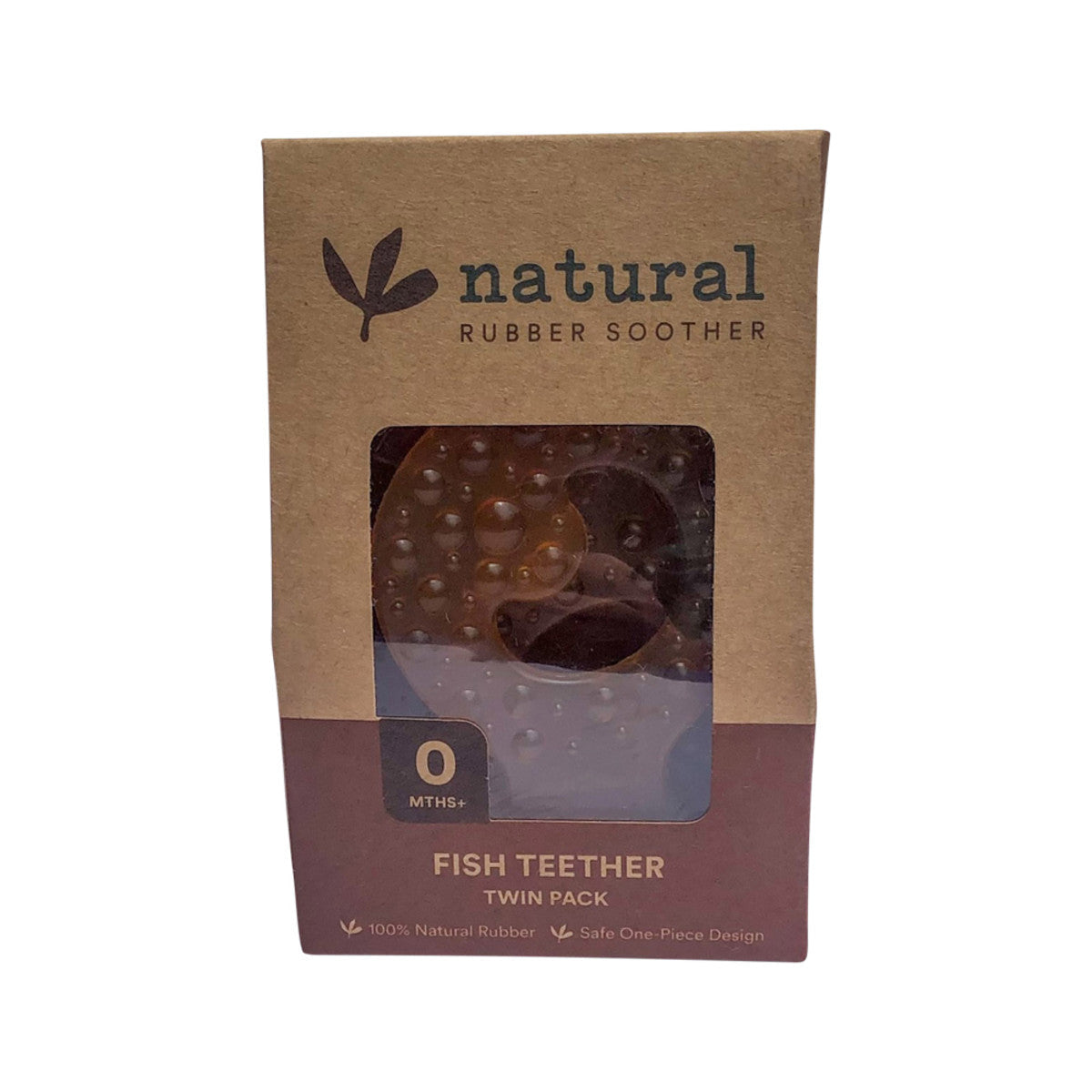 Natural Rubber Soother Fish Teether Twin Pack - Cutprice Online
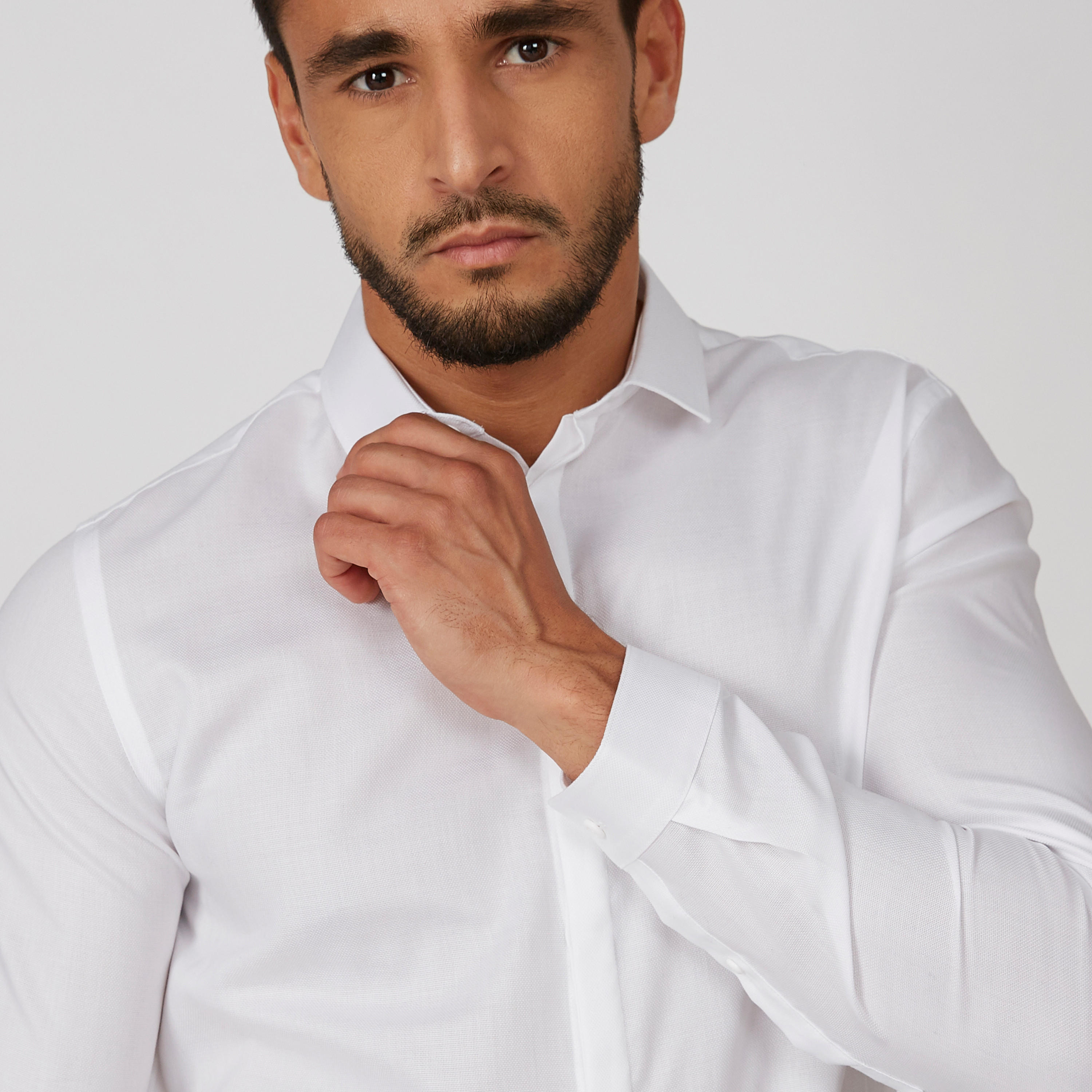 قميص رسمي سادة بياقة عاديّة وأكمام طويلة-men-clothing-shirts-image-4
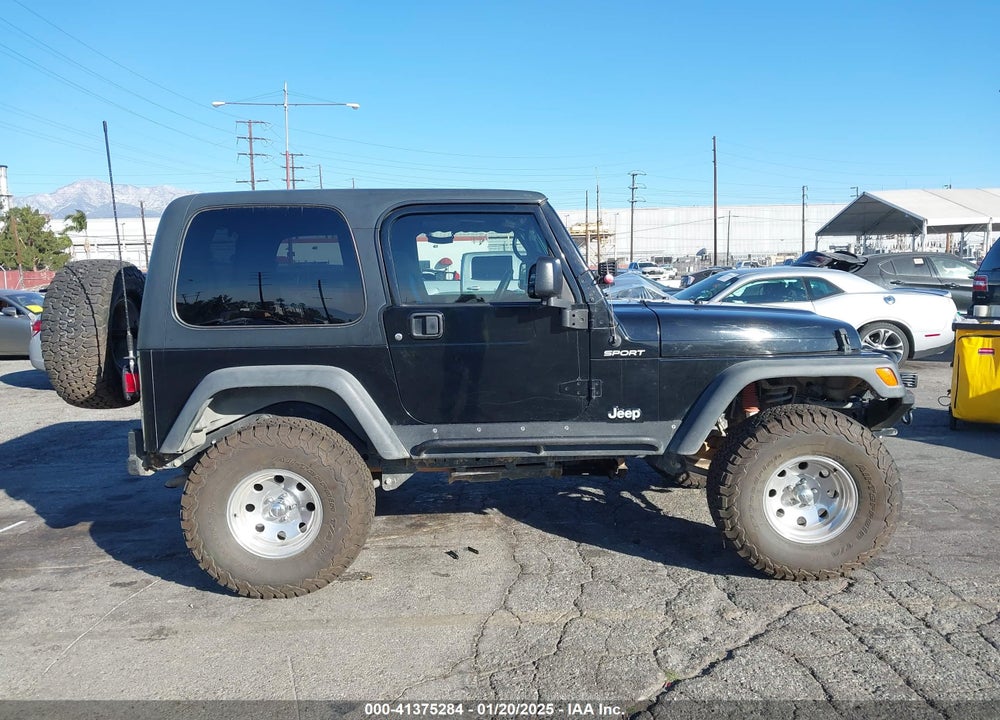 2004 JEEP WRANGLER SPORT VIN: 1J4FA49S84P701508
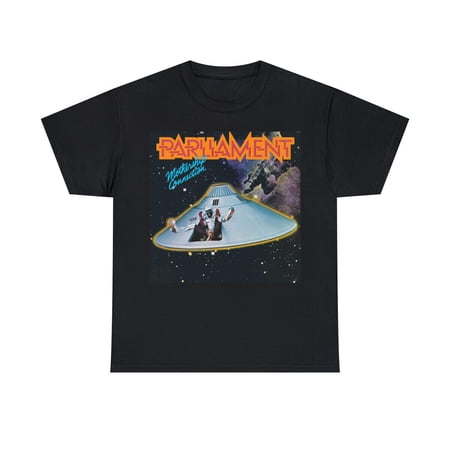 PARLIAMENT Mothership Connection George Clinton Unisex Heavy Cotton Tee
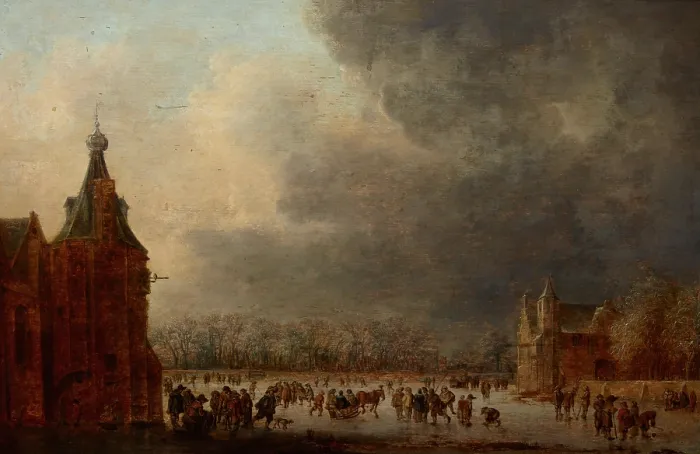 Framed Print : At the Rink, before 1636. Creator: Jan van Goyen Framed Print : At the Rink, before 1636. Creator: Jan van Goyen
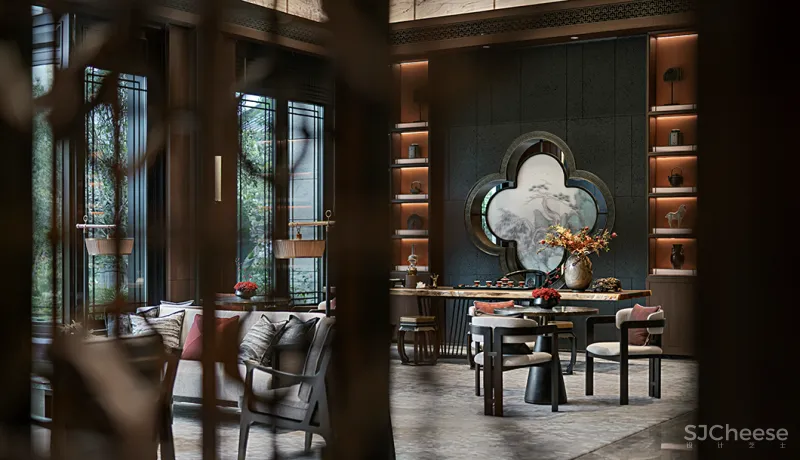 吴文粒：700㎡闲雅院落，经典中式，再现梨园风华！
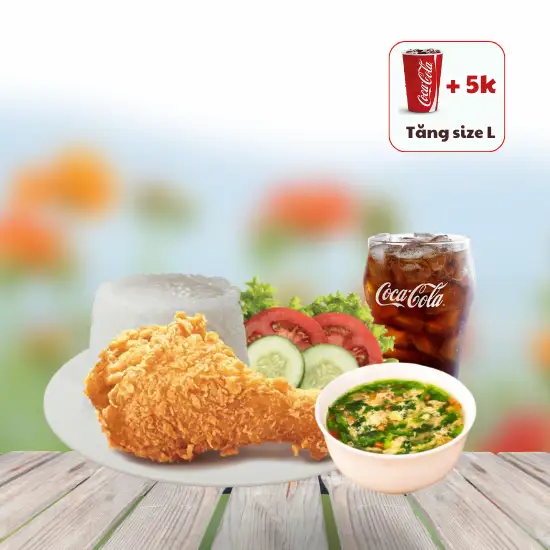 Hình ảnh Cơm đùi gà - canh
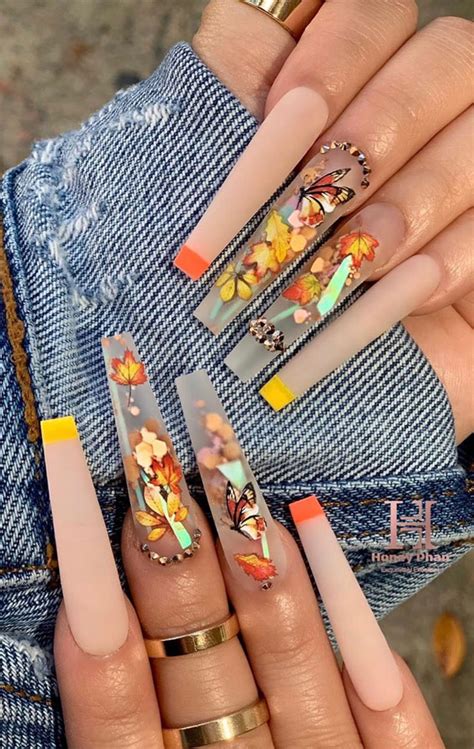 22 Trendy Fall Nail Design Ideas Pretty Autumn Nails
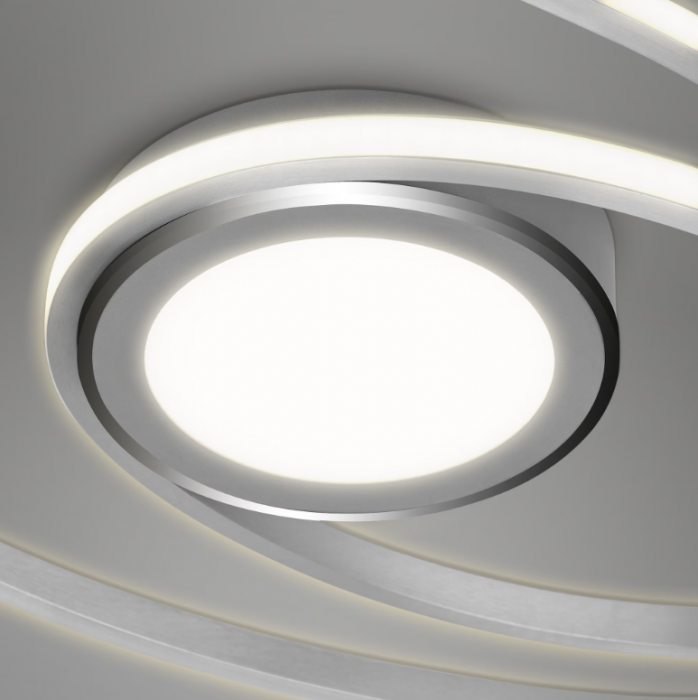 Lustra Led Briloner Leuchen Rotunda Argintie 22w 2800 Lumeni Lumina Calda [7]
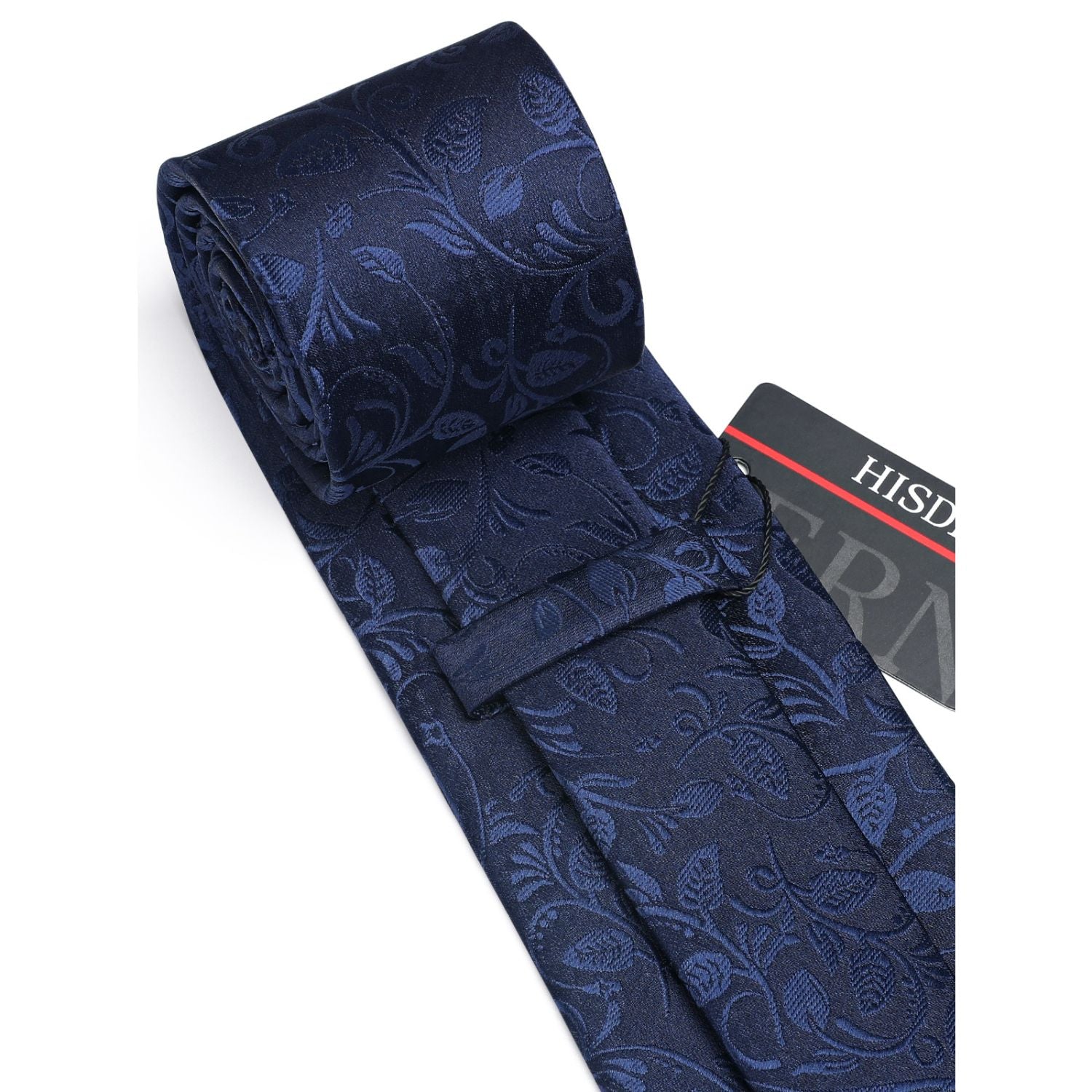 Paisley Tie Handkerchief Set - 03A-NAVY BLUE1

========================

## WHAT TO WORK ON
The records above must be copied exactly, with no pictures carried over.

## ANSWER SPACE
 Natural Rubber Soother Fish Teether Twin Pack - Cutprice Online
 قميص رسمي سادة بياقة عاديّة وأكمام طويلة-men-clothing-shirts-image-4
 2004 JEEP WRANGLER SPORT VIN: 1J4FA49S84P701508
 PARLIAMENT Mothership Connection George Clinton Unisex Heavy Cotton Tee
 Framed Print : At the Rink, before 1636. Creator: Jan van Goyen Framed Print : At the Rink, before 1636. Creator: Jan van Goyen
 吴文粒：700㎡闲雅院落，经典中式，再现梨园风华！
 Hình ảnh Cơm đùi gà - canh
 22 Trendy Fall Nail Design Ideas Pretty Autumn Nails
 Lustra Led Briloner Leuchen Rotunda Argintie 22w 2800 Lumeni Lumina Calda [7]
 Paisley Tie Handkerchief Set - 03A-NAVY BLUE1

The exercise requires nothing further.